Kurz nach der Nikoworld gründete Manek die Nikotel AG, die sich mit dem Telefonieren über das Internet beschäftigen sollte. Offiziell agierte er als Aufsichtsratsvorsitzender, doch auch die Nikotel war ein Unternehmen von Maneks Gnaden.

Die Nikotel-Vorstände mussten zuweilen als bessere Laufburschen herhalten. So bekamen zwei von ihnen eines Tages den Auftrag, den Dienst-Porsche des in Ungnade gefallenen Nikoworld-Geschäftsführers Michael Schade einzukassieren.

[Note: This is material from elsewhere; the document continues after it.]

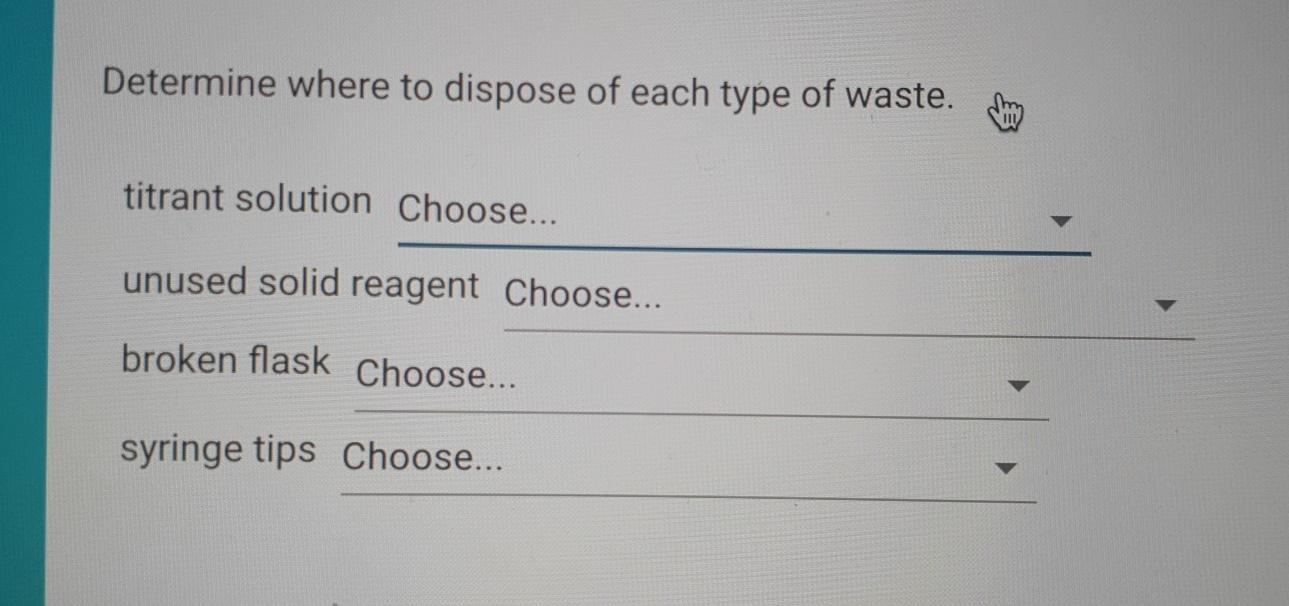 Solved Determine where to dispose of each type of waste.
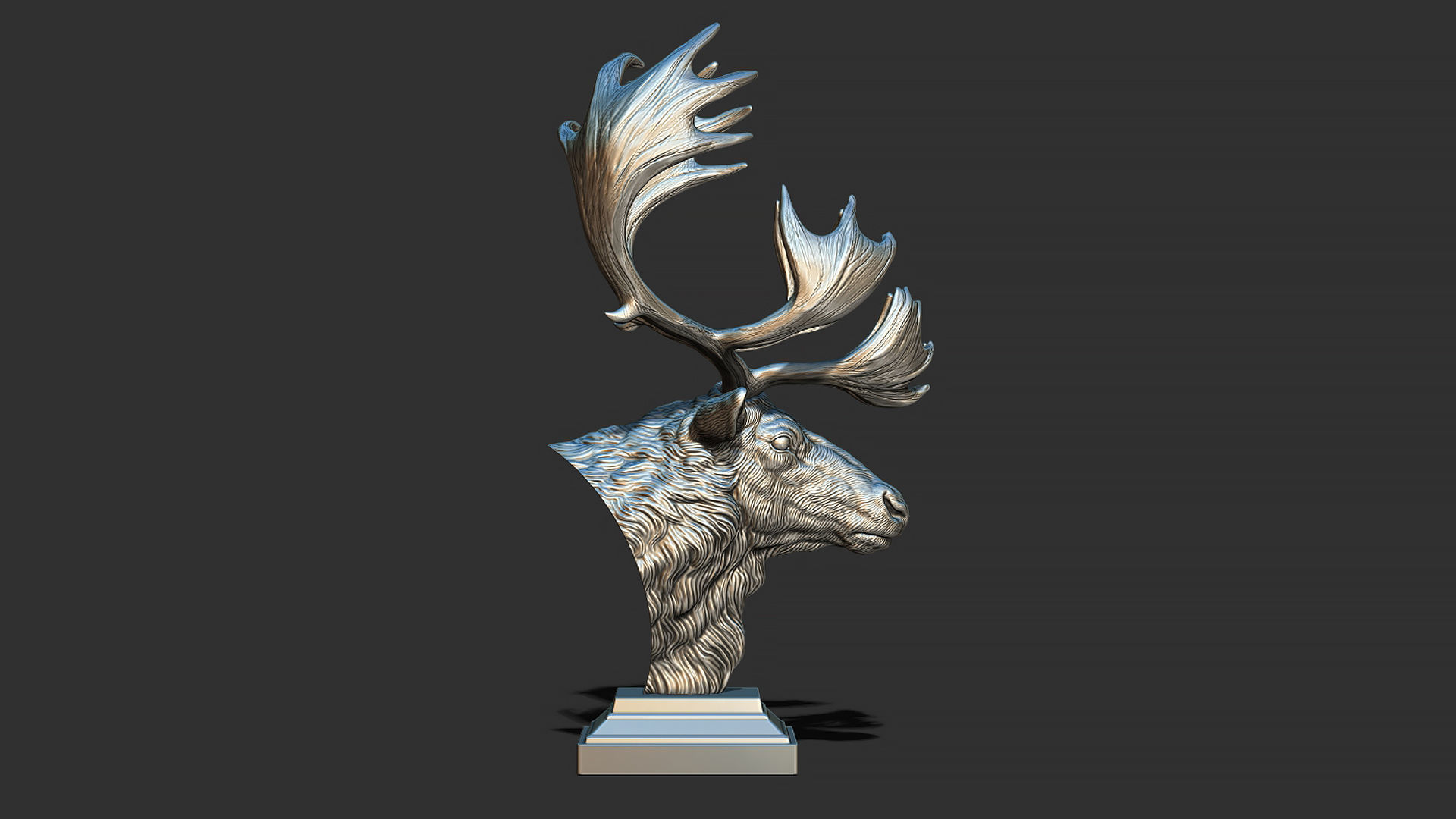 Reindeer head 3D print model_10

Im Februar 2002 stellte auch die Nikotel einen Insolvenzvertrag. Seitdem ist ein grotesker Streit um die Telefonsoftware entbrannt, die für Nikotel entwickelt wurde. Sie verkörpert den wichtigsten Vermögenswert des insolventen Unternehmens. In einer Flut von eidesstattlichen Versicherungen werfen Manek-Vertraute und Nikotel-Manager einander gegenseitig vor, die Software zu Unrecht für sich zu beanspruchen.

Die Lektüre der eidesstattlichen Versicherungen lässt den Schluss zu, dass auch in diesem Teil des Manek-Reiches chaotische Verhältnisse herrschen. Es scheint ganz so, als werde der Mann von dem großen Rad überrollt, dass er selbst angeschoben hat.